THE PROBLEM ▸
In the entries below, find the line with "Motion Sand - Creative Learning Set" and the line with "EDAC 895-124-525-507 ຕົວຮັບ"; copy them and every line between them exactly, but not the pictures.

*** DATA FOR PROCESSING Section Begins ***

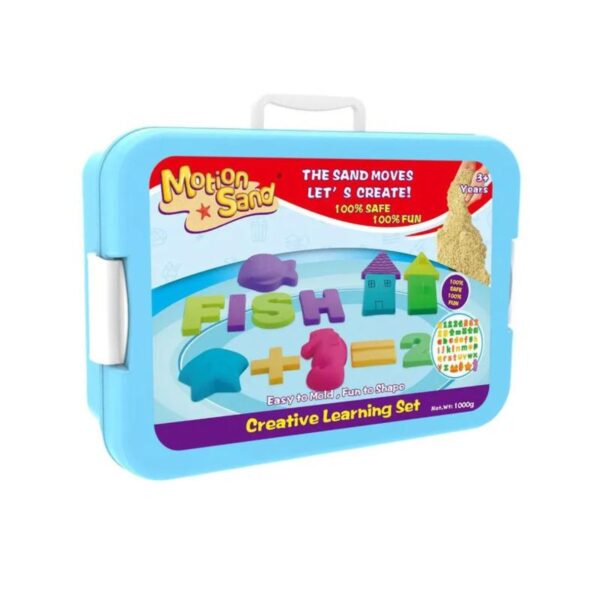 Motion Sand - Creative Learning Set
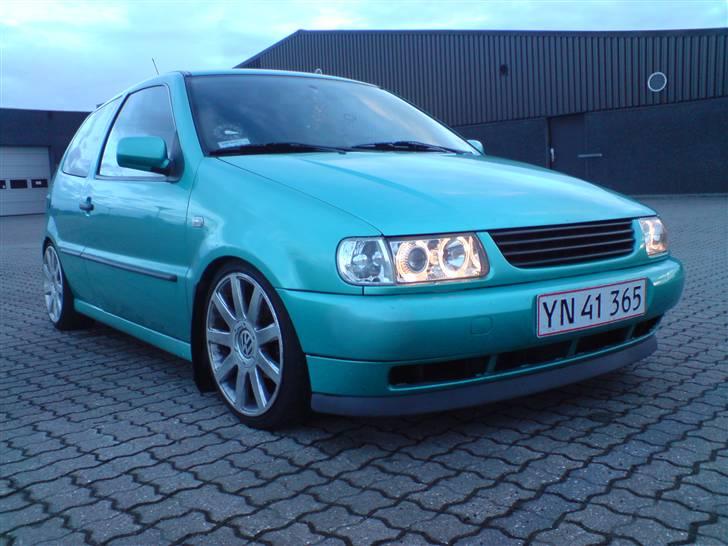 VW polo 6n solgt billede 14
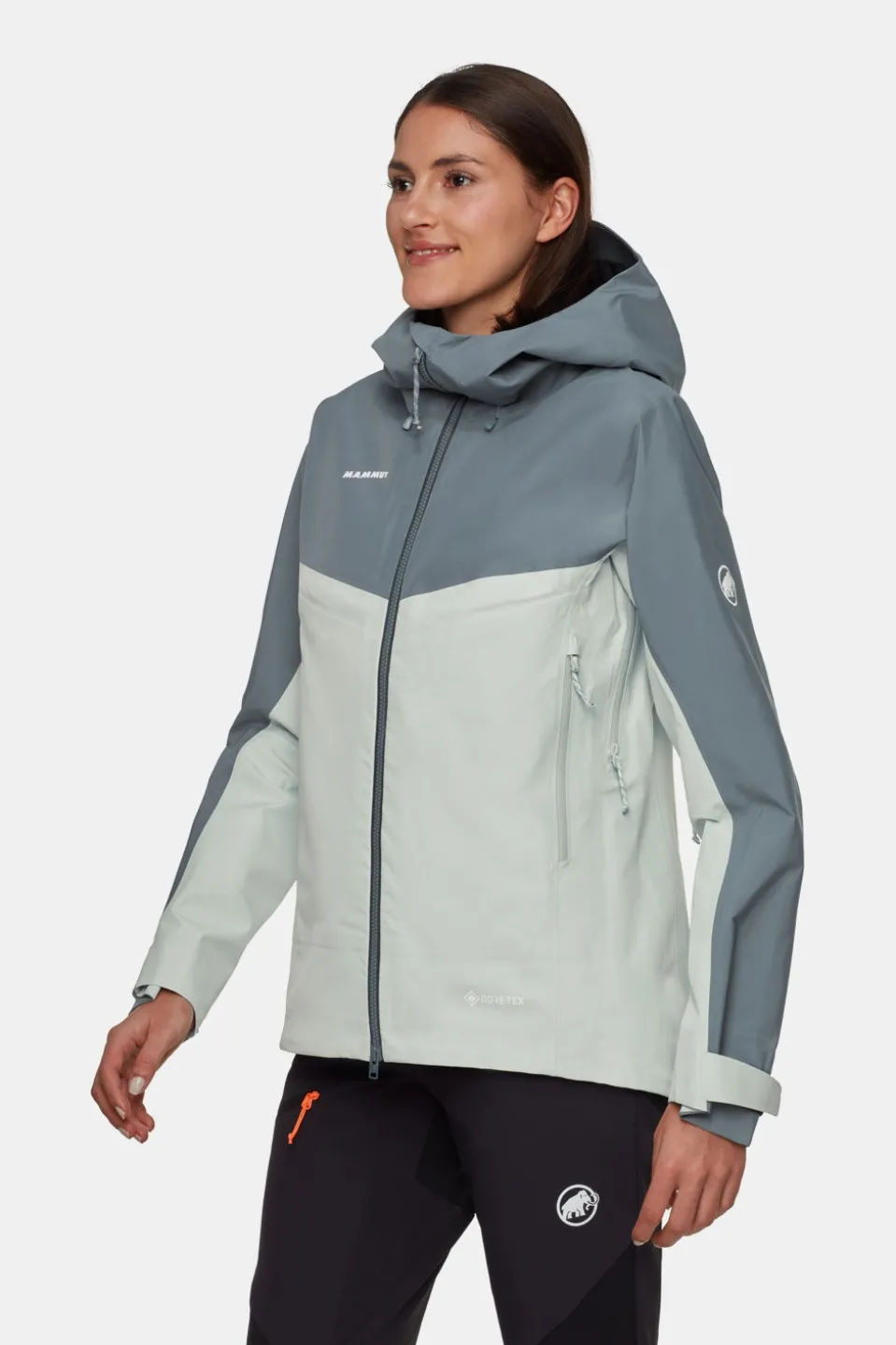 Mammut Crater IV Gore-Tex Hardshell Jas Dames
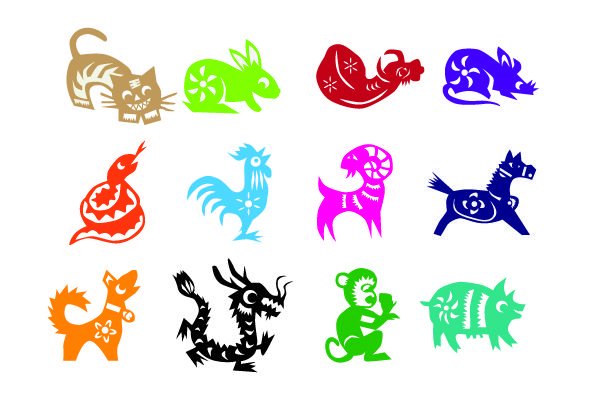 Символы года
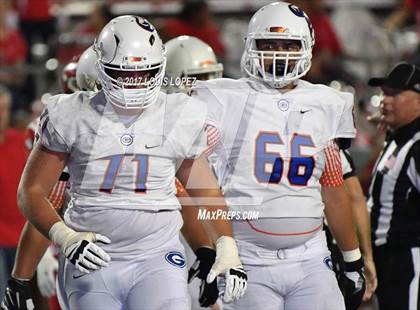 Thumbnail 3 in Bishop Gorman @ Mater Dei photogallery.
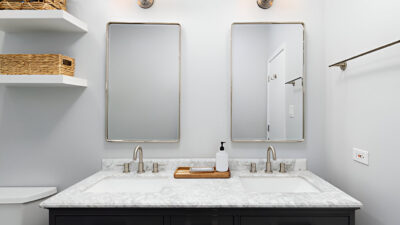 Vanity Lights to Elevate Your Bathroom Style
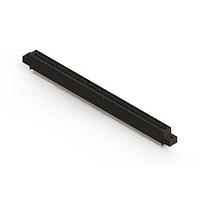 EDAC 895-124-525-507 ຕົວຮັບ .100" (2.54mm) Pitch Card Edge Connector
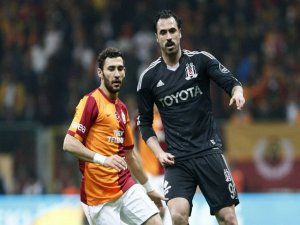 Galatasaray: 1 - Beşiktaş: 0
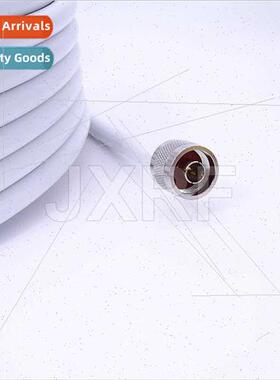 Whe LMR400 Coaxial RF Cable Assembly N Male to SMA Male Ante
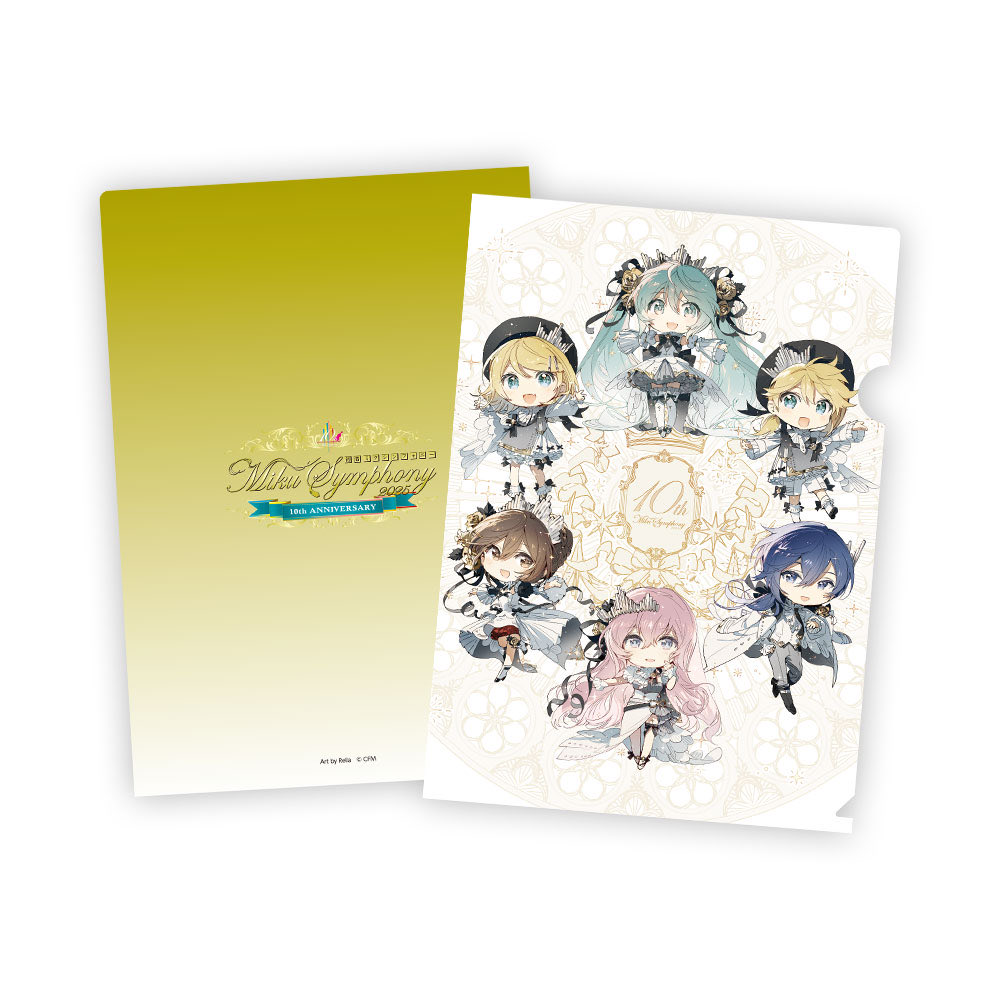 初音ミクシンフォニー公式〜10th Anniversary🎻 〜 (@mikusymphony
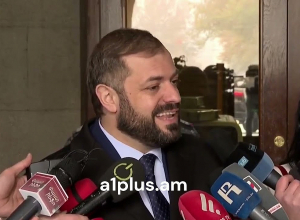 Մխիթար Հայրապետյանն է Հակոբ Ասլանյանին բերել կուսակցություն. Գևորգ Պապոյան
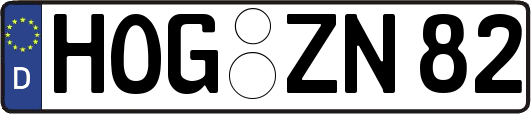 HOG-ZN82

*** DATA FOR PROCESSING Section Ends ***
*** DATA FOR PROCESSING Section Begins ***

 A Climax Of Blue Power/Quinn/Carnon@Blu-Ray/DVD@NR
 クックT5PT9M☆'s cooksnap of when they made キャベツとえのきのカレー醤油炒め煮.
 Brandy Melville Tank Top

*** DATA FOR PROCESSING Section Ends ***

SOLUTION TO THE EXERCISE ▸
 Motion Sand - Creative Learning Set
 VW polo 6n solgt billede 14
 Mammut Crater IV Gore-Tex Hardshell Jas Dames
 Символы года
 Thumbnail 3 in Bishop Gorman @ Mater Dei photogallery.
 Vanity Lights to Elevate Your Bathroom Style
 EDAC 895-124-525-507 ຕົວຮັບ .100" (2.54mm) Pitch Card Edge Connector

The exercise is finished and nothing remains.